The Telegraph‘s account is the most thorough of the sketchy reports on this so far, and touches on all three subjects. Bracewell-Smith’s brother-in-law, Richard Carr, followed her halfway out the door, stepping down from the board of the holding company but agreeing to stay on the board of the football club and continue his work with youth development.
This is big news for Arsenal, not only because of the family’s long history with the club, but also because Nina Bracewell-Smith was part of the “lockdown agreement” under which Arsenal’s largest stakeholders made a pact not to sell their shares, thus thwarting Uzbek billionaire Alisher Usmanov’s attempt to take over the club.
With Bracewell-Smith (I’m supposed to be calling her “Lady Nina,” as she’s technically the Egret of Pombley or something, but I didn’t watch every minute of John Adams in order to curtsy to marchionesses) off the Arsenal board, she’s out of the lockdown agreement, meaning her 15.9% share of the club is for sale if she wants it to be. The other board members are betting either that she’ll decline to sell to Usmanov or that Usmanov, in this economy which is like BILLIONAIRE, ON YOUR KNEES, won’t be able to buy. Here’s Peter Hill-Wood, whom it’s killing me not to call “Peter Wood-Hogg or whatever,” on the situation:
I don’t know for certain what she wants to do with her shares. I do know that the Bracewell-Smith family have been involved with the Club for many, many years and are great supporters.
I know that Lady Nina is an advocate of the policies we have been following to make the Club self-sustaining and free from external injections of money. She has certainly been in favour of what we are doing.
We hope that she would remain a shareholder but she has not spoken to me about it lately. She is no longer in the lockdown so she is free to do what she wishes to do.
If Usmanov, who’s currently sitting on a 24.9% stake in the club, were to come into the Bracewell-Smith portion, he’d be legally obliged to make an offer for the rest of the shares, as he’d cross the 30% threshold that triggers what for drama’s sake I’m going to call a full-throttle takeover attempt. But there’s some speculation that he might be able to get the requirement waived, on the grounds that rich people should be able to do whatever they want at all times without being constrained by the rules.

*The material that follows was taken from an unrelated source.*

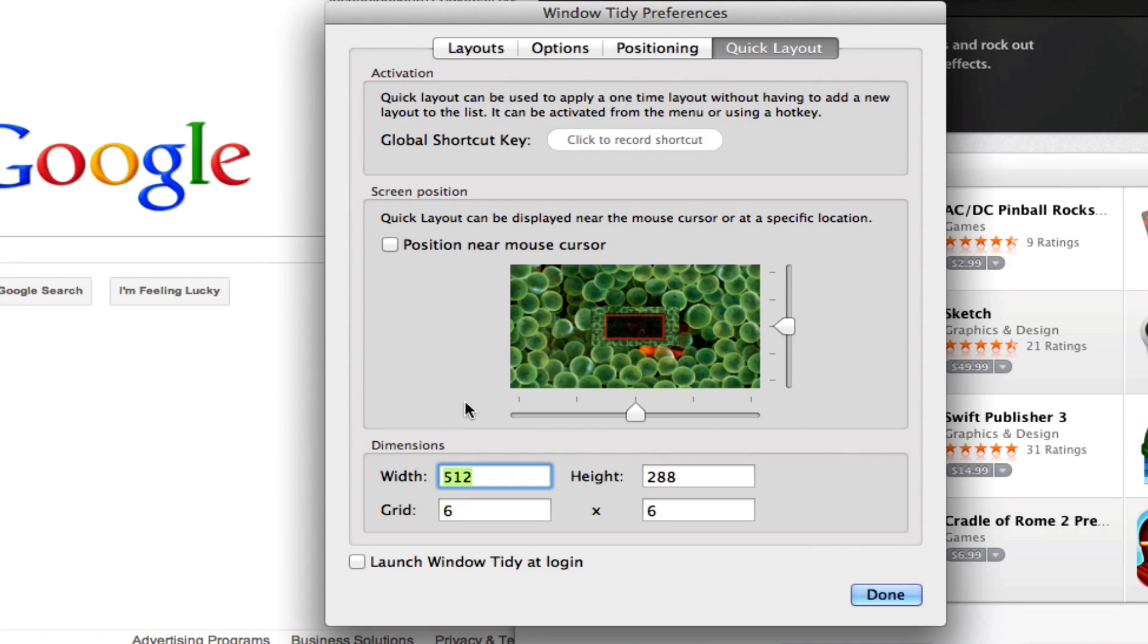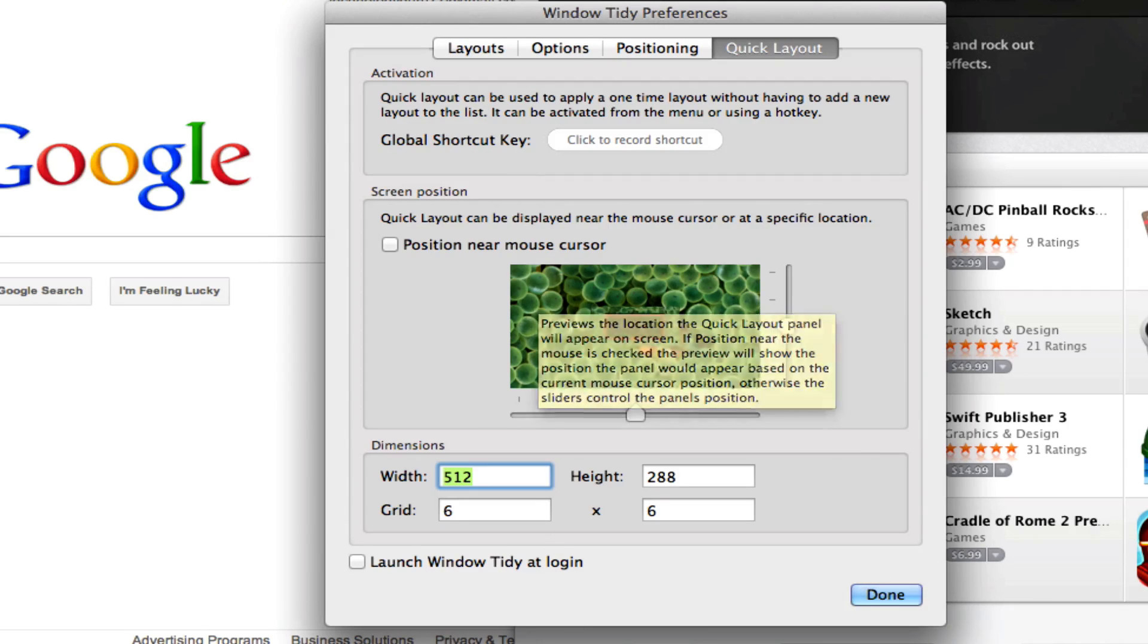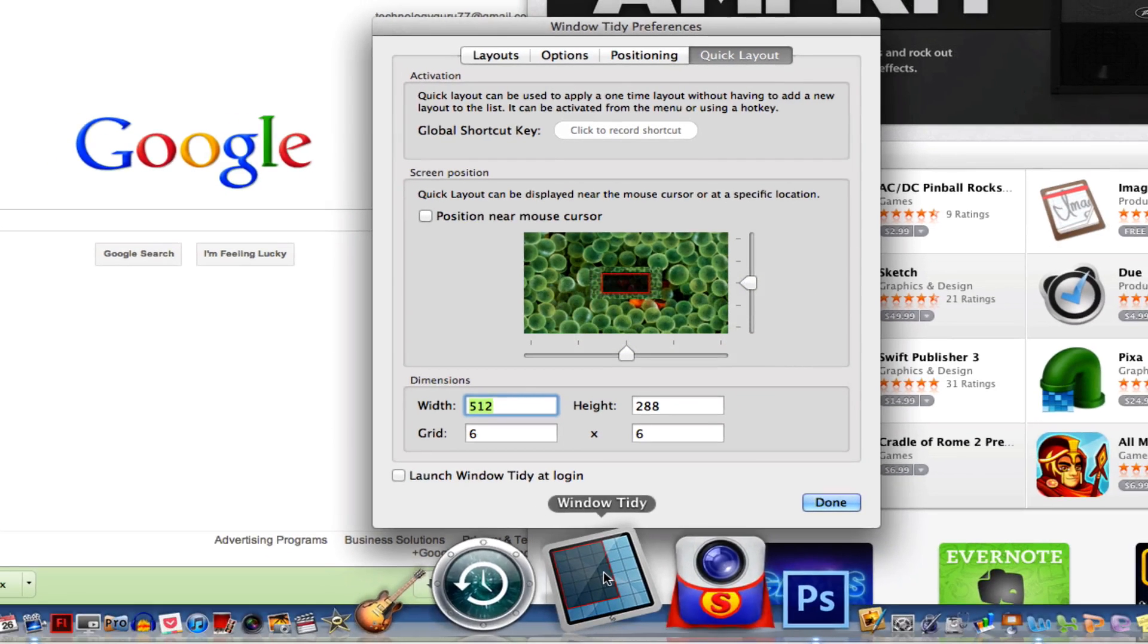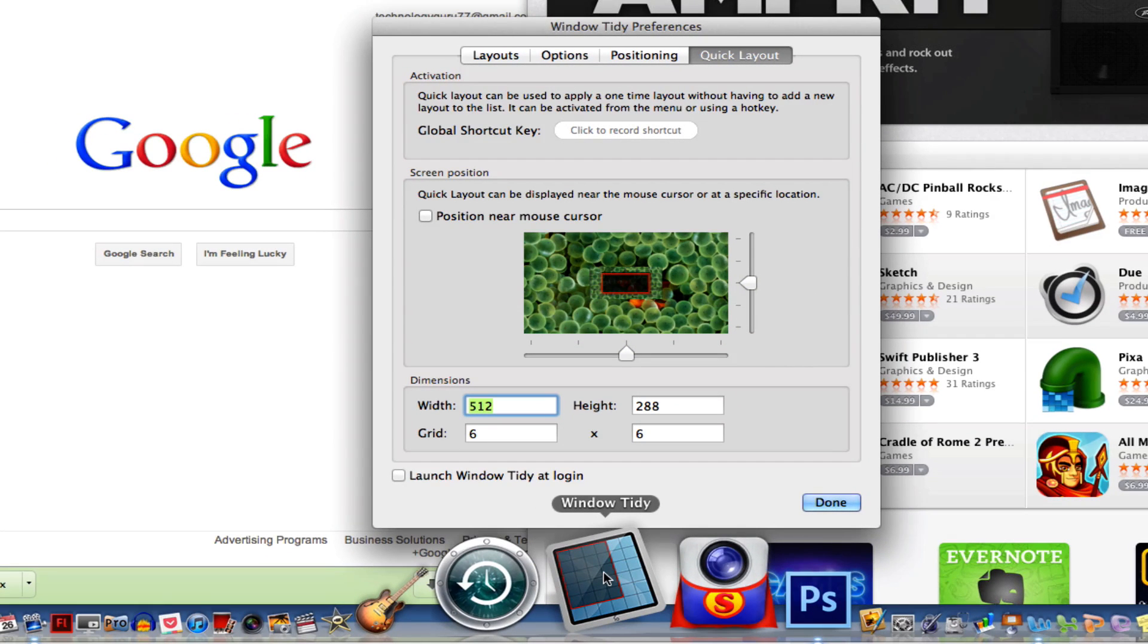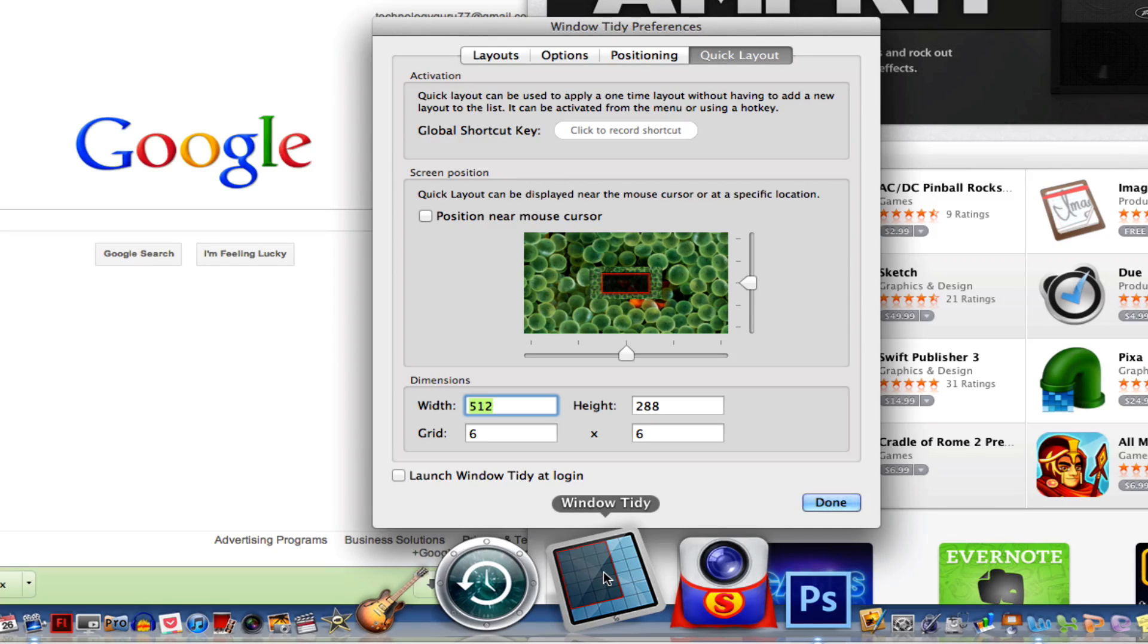But again, the name of this application is Window Tidy. It is for a limited time free in the Mac App Store. I believe it is a paid app normally, but right now it is on sale for free.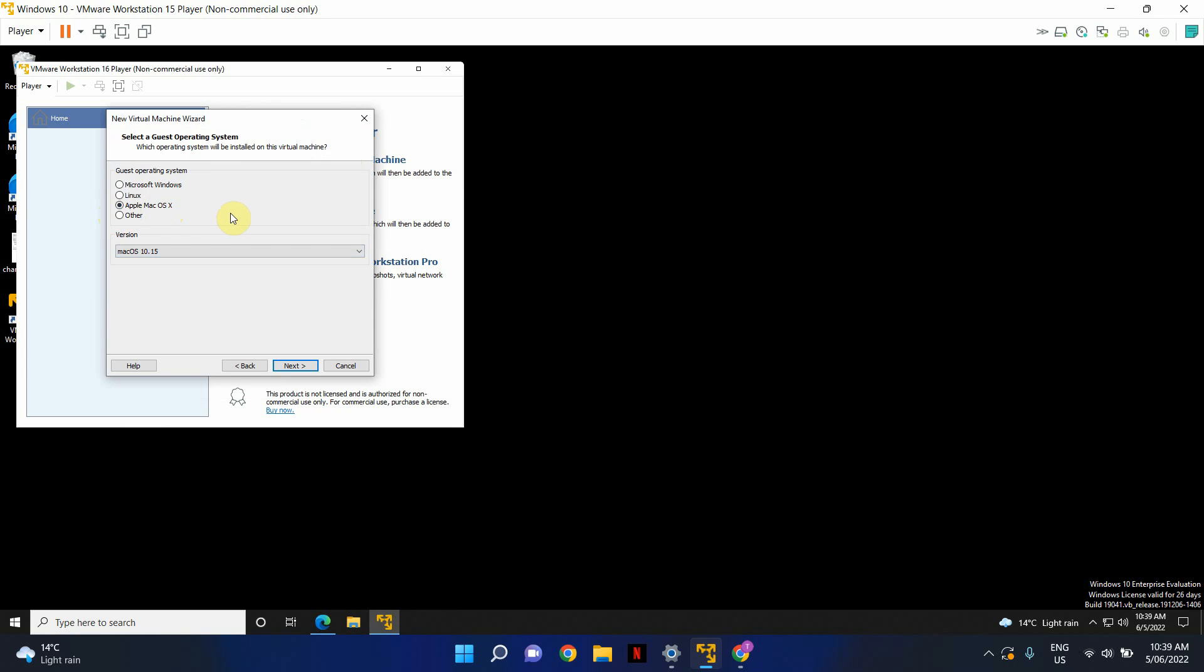And the rest is just identical to installing any other virtual machine. Obviously, you will need the ISO file for the operating system of the Mac OS.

This is obviously a volatile and developing story, and I’ll be following it as it progresses. If you find this kind of boardroom theater tiresome, I’d ask you to take into account the fact that we’re combining ancient family sagas, solemn pacts, English noblewomen, marauding Uzbek oligarchs, American parvenus, betrayal, wild risks, and football in one short space. I want to be clear about this. This is awesome.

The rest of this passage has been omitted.